Bill, you're forgetting multiple Balkans campaigns and Somalia. You're also forgetting Afganistan; we likely wouldn't be there if we had tried to calm it down and build it up after their war with the Soviets instead of ignoring it. It could also be argued that Germany and Japan after WW2 were also similar situations, as were the Phillipines, assorted Haitian interventions, and who knows what else.

At the very least, counter-insurgency abilities are a necessary follow-up to a big war (cleaning up the mess left over); at the most, they are needed to fight small wars which are as much, if not more so, a part of human history as the big wars.

Michael: Seems like the Balkans, Afghanistan (minus Iraq), Panama, Haiti, Germany and Japan after WW2, the Philippines, etc., were all accomplished fairly well with the primarily-designed big war force.

Somalia might be considered as another gamble/mistake.

I am concerned that the few failures we have experienced relate more to mistakes in policies/decision-making -- rather than in an improper make-up of the force.

Thus, I might look to Vietnam, Iraq II, and Somalia to rectify policy/decision-making problems -- not necessarily force make-up problems.

I'm not sure if you'll come back to this page, Bill, but here goes nothing. . .

You're right in that a lot of what went wrong in those areas was policy and not force structure. But when people criticise the military's focus on China, they aren't looking at the number of ground pounders hired; they're looking at ships, planes, missiles, etc, that have little use in a post-war occupation. How many soldiers and marines could be fielded for those occupations with the money we're spending on high-tech systems to fight a war that may never (and hopefully will never) happen?

And once you've accepted the notion that a) boots on the ground are more important than mega weapons systems and b) those boots are most critical in occupations and the like, you may as well consider whether their training and equipment could be optimised better for the jobs they're usually doing.

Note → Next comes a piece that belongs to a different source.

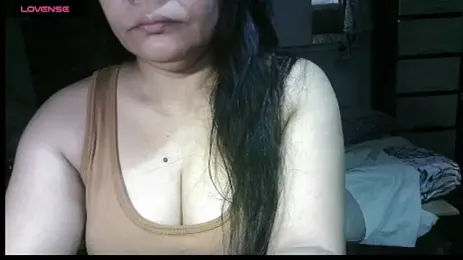 Hotpinay43 webcam stripchat model stream image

Michael: My concern: A force designed around boots on the ground/post-war occupations reinforces, rather than discourages, these bad ideas and bad policies (provides for, rather than deters, more Vietnams, more Iraq IIs and more Somalias).

Fewer such boots on the ground/post-war occupation forces reduces the likelihood that these types of mistakes will be made in the future.

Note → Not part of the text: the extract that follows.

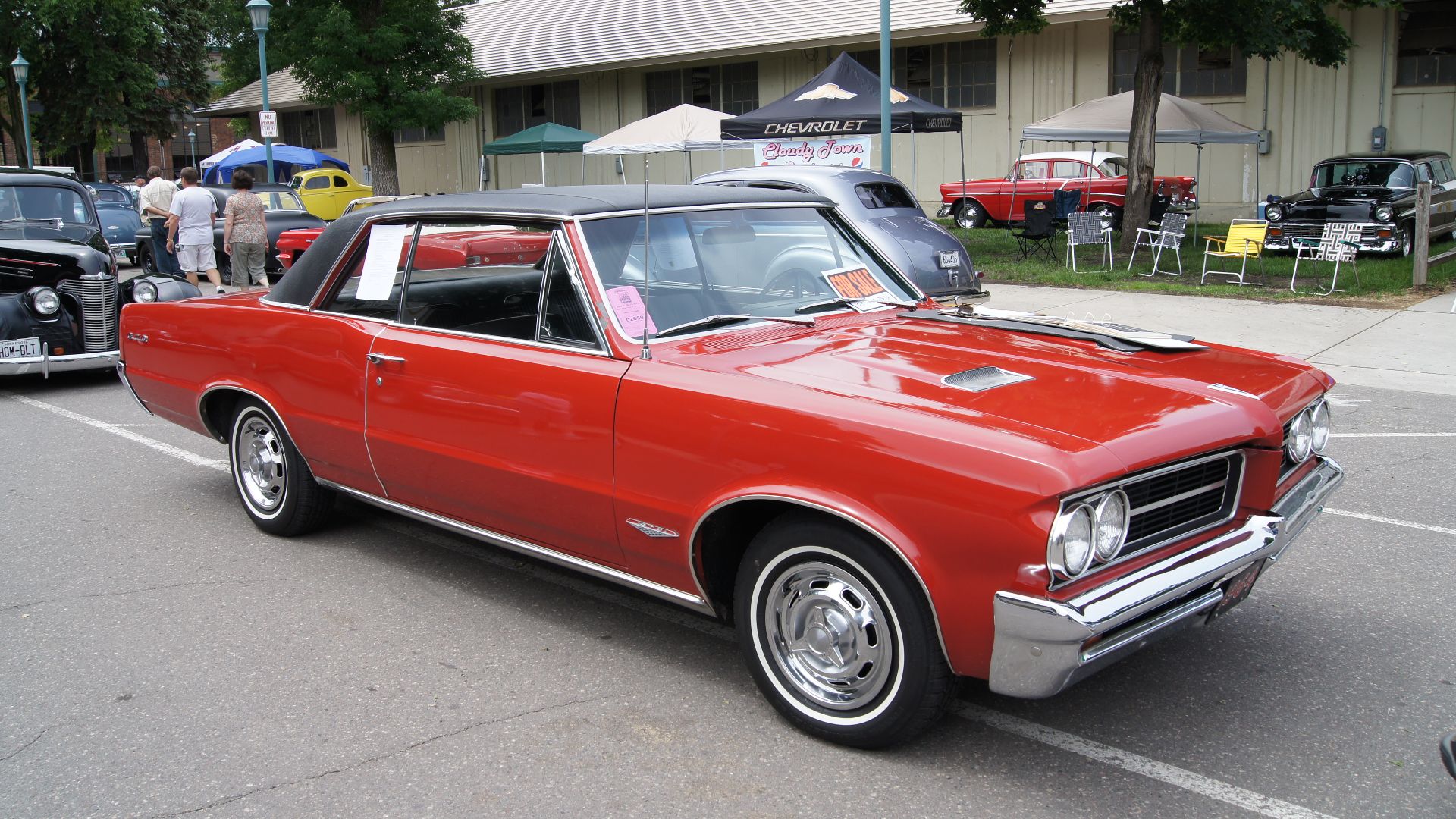 File:64 Pontiac GTO (9121534394).jpg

I am beginning to re-like the Cold War model: Use good intelligence techniques/operatives, SF and guile -- rather than US boots on the ground -- to deal with the difficult portions of the Third World.

Bill, Michael: As PNM and The Brief, in its many iterations, make clear, at least to me, Leviathan is necessary, but not sufficient for effectively dealing with the sorts of conflict we will face as the Gap shrinks. Bill, if a frog had wings,...It's not about postwar occupation forces, its about fishing out the bad guys while we drain the swamp, whether or not we had to use Leviathan to break up the scum layer to get to the swamp. The bad ideas/bad policies are as likely to result from trying to put detour signs and fences around the swamp, as from the draining operation. Boots on the ground don't cause bad ideas, they fix them, unless you'd prefer a parking lot approach.

emjayinc: Looked at in other ways:

(1) If the US provides the Leviathan -- and the BRIC provides the the post-war occupation/nation-building (SysAdmin) forces -- does LTC Yingling's argument stand up?

(2) If the American public will not provide the blood and treasure necessary for the very long-term task of Gap-shrinking (wars, post-war occupations and nation-building) -- (looks that way today) -- what is our Plan B?